I grew up in West Des Moines. As a boy I knew Open Bible patriarchs Frank Smith and O. Ralph Isbill. Well, my parents did; I just tagged along. Then my family moved to California and we attended the Open Bible church in Pasadena, pastored by John and Louise Richey. My heritage in Open Bible was strong.
I felt the call of God at age eleven and my path seemed clear, ministry. I attended Bible Standard College (which became Eugene Bible College and is now New Hope Christian College) and Western Evangelical Seminary. Eventually I became a youth pastor, a senior pastor, and then an instructor for soon-to-be pastors at EBC. But then retirement came. Where had all those years gone?
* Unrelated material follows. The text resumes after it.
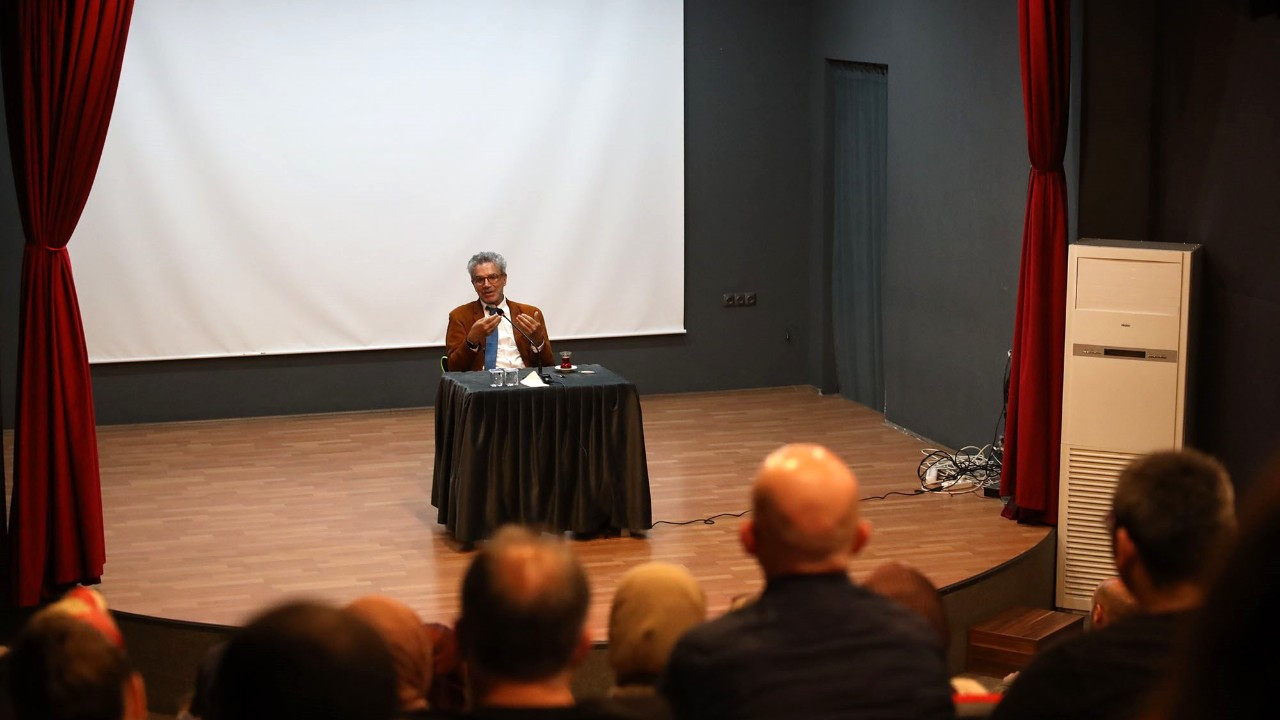 Büyükşehir Akademi’de Felsefe Atölyesi Yoğun Katılımla Başladı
I wasn’t sure about this newfound season of life. For years retirement seemed to be for the old or at least those older than me. I was too young to feel I had to change much but old enough to realize I had to change gears. Medicare, social security, and IRA accounts forced me to realize that life was now different, and unknown.
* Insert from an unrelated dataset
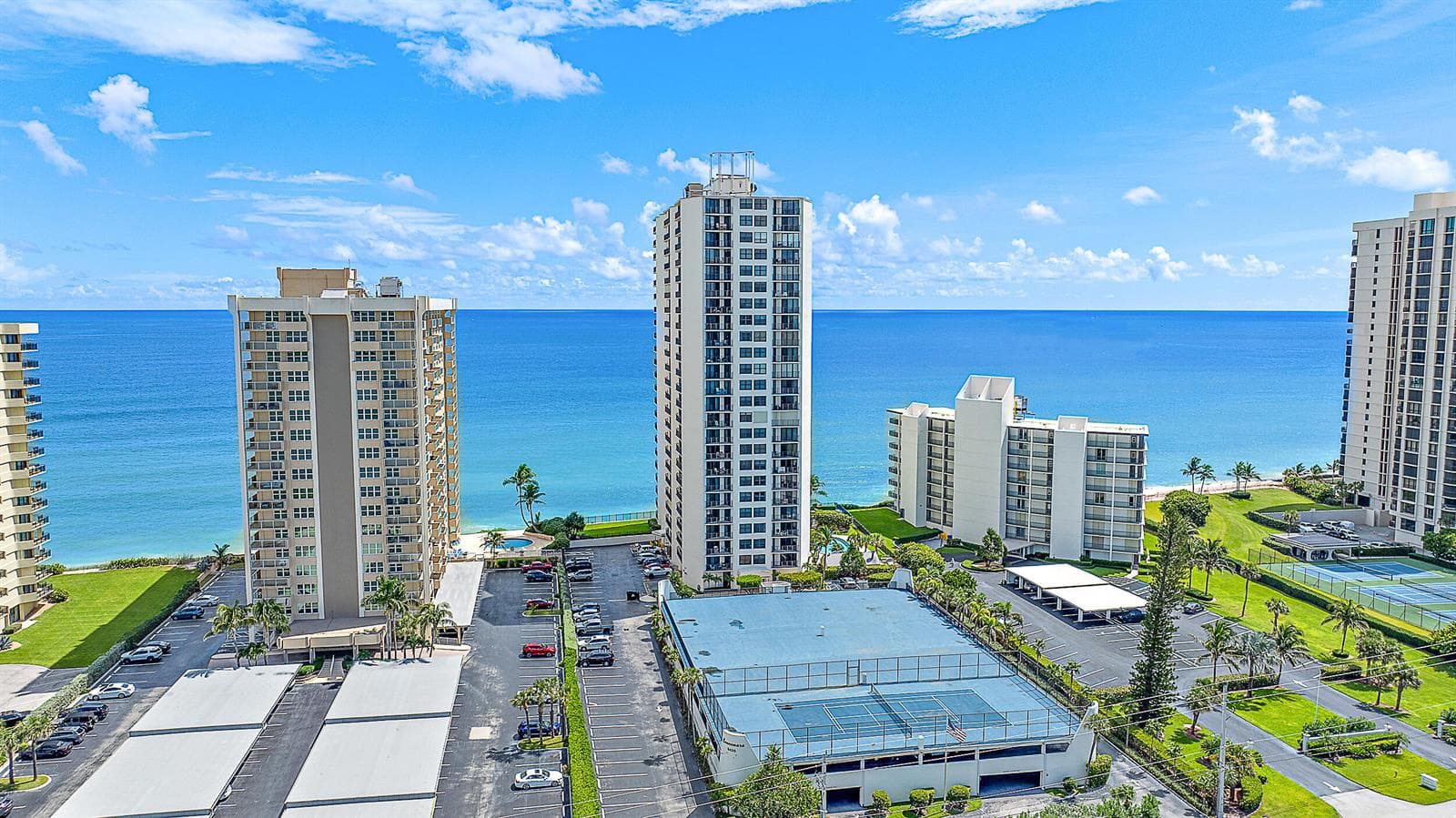 5420 N Ocean Drive 305 photo 3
So what kept me from exploding my life with bad decisions at this stage of life? I remember hearing Paul Leavenworth preach at EBC about “finishing well.” Although his focus was the college student, I was listening. I wanted to finish well, but the creepy feeling of sitting in a rocking chair at a retirement estate was still not on my radar. I was too young and yet too old. How could this be happening to me, the young, vibrant man who for years felt he could do it all?
I found the disciplines I had cultivated in my life over the years were the source of my strength now. The spiritual routine, the physical well-being, and the social relationships – those things that held me firm during all those storms of ministry years –were stabilizing me. It seems so simple but it is true. The personal devotion time I had developed over the years was my spiritual resource. My wife, Sharon, my kids and grandkids, and my friends and colleagues all gave me strength with words of encouragement. And my personal commitment to daily physical exercise was giving me a sense of continued vitality. I started to sense I was going to be ok.
Maybe the “new” was just doing the “old” differently. Can you sleep in a little and still do important, sometimes life changing things? Can your speed decrease and you still get there? Can your opinion be important when fewer people are listening? Can ministry happen differently and still be ministry? The answer is “YES.”Yes, I am doing something new. It is different because I haven’t been this way before, but it is also fulfilling because my steps are still ordered of the Lord. I asked Him and He gave me direction, a sense that He is still using me.
About the Author
Lonny R. Burke has been an Open Bible credentialed minister for more than 51 years. He and his wife, Sharon, live in Eugene, Oregon, and have two daughters and three grandchildren. They volunteer with several children’s ministry organizations, helping give needy kids a positive influence.